By Jennifer L. Warren
BEACON – “Women’s history is spilling over everywhere, not only in the United States, but throughout the world,” affirmed long-time Howland Cultural Center Board Member and former President, Florence Northcutt. “Women have their voice and are using it in grand, effective ways.”
One of those potent vehicles is the medium of art. Whether using painting, photography, collage or fabric design, women are more frequently and powerfully expressing their visions of as well as their role in the world through their colorful, intricately and creatively designed artwork. For 27 years, Beacon’s Howland Cultural Arts Center has provided a platform in March, Women’s History Month, for a contingent of women to come together, showcasing their work, while paying tribute not only to their increasingly present and respected voices in the art world, but so too to the countless contributions throughout history of an assortment of female pioneers hailing from diverse backgrounds and professions.
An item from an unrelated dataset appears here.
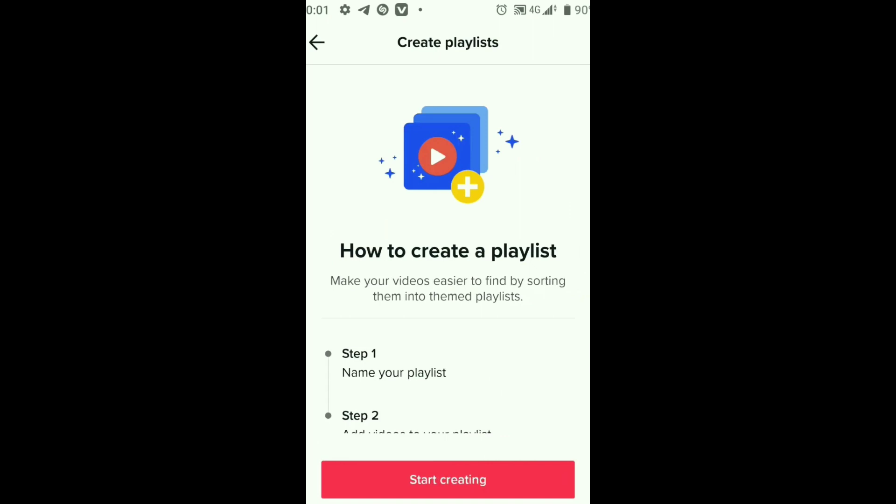Genre playlists are also available, centered around a particular music genre such as hip-hop, pop, or rock. There are also artist playlists featuring the songs of a particular artist or band. And trending playlists feature the latest viral trends and sounds on TikTok.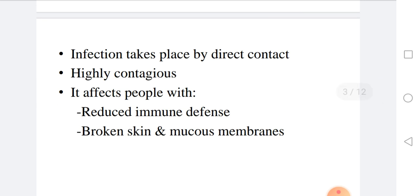Infection takes place by direct contact. Streptococcus pyogenes is highly contagious. It affects people with reduced immune defense — not necessarily severely immunodeficient — and people with broken skin and mucous membranes, though any person can be affected.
Despite the Pandemic, the “show went on,” Saturday, as the Opening for the popular Annual Women’s Group Art Exhibit officially kicked off for the month. Limited to 10 masked guests at a time, while heeding social distancing and hygiene protocols, the Opening attracted a steady flow of excited visitors, who were treated to an eclectic mix of colorful, imaginative works by 35 local, Hudson Valley artists. This year’s show, whose Curator is once again Jan Dolan, features a special focus on women’s historical progress, most telling: The election of the first female Vice President, Kamala Harris. In fact, an entire front wall of the gallery is blanketed with artistic tributes to Harris.
In addition to groundbreaking strides made by females, the artwork also encompasses a reverence for the female gender and all the gifts she possesses. Cold Spring artist, Elizabeth Arnold’s piece, titled, “Momma,” is a potent tribute to George Floyd and his mother. Focusing on the final words Floyd helplessly uttered, it resonates with the beauty and gentleness inherent in feminine love, as well as makes other subtle statements on some very critically relevant topics.
“I wanted to show the respect to the feminine love and the soft parts of everyone who gets so disrespected in this day, age and society,” said Arnold as she surveyed her piece. “If you look closer, you will see the hints of systematic racism and pain that goes along with that as well.”
Another artist, oil and watercolor painter, Marguerite Eberhart of Salisbury Mills, was on hand at the Opening, and also talked about that concept of pain stemming from a host of stifling roadblocks the four trailblazing women (three artists and a writer) she depicted faced. Despite the unfair assumptions and cruel biases in their paths, each prevailed, making their mark on the art world and beyond.
“I chose to paint these four women because of the challenges they faced, whether it be racism, sexuality or mental health issues,” explained newcomer to the Women’s Show Eberhart about the images, located on the right side wall of the Gallery. “Despite those factors, they truly achieved and plowed through; there were no whiners, and I really look up to them.”
That sense of respect was also evident toward the ensemble of women painted by another area artist, Anna West. The third year show participant and oil painter normally paints on book covers when traveling. Due to the restrictions of COVID however, she creatively adjusted her subject matter. “I really love being a part of this show because it’s a beautiful space here at Howland with a long tradition of music, art and community, and this month is extra special because I don’t normally focus on people in my art, but I wanted to celebrate my gender.”
That tribute to women and art continues throughout the month each weekend. The Gallery will be open to the public on Saturdays and Sundays, from 1-5 through March 28; the only exception is on March 21, as the facility is being used for another event. Whether you go to imbibe the artwork, chat with the artists or simply take in the vibe of the dynamic progress that resonates throughout the Howland this month, you are likely to be positively impacted, perhaps even inspired, by this very relevant, special group art show.
“The intellectual and socially conscious realization of equality for all has taken a giant leap,” said Northcutt. “There are still lingering attitudes about women that still need to be overcome and the fight is not over yet.”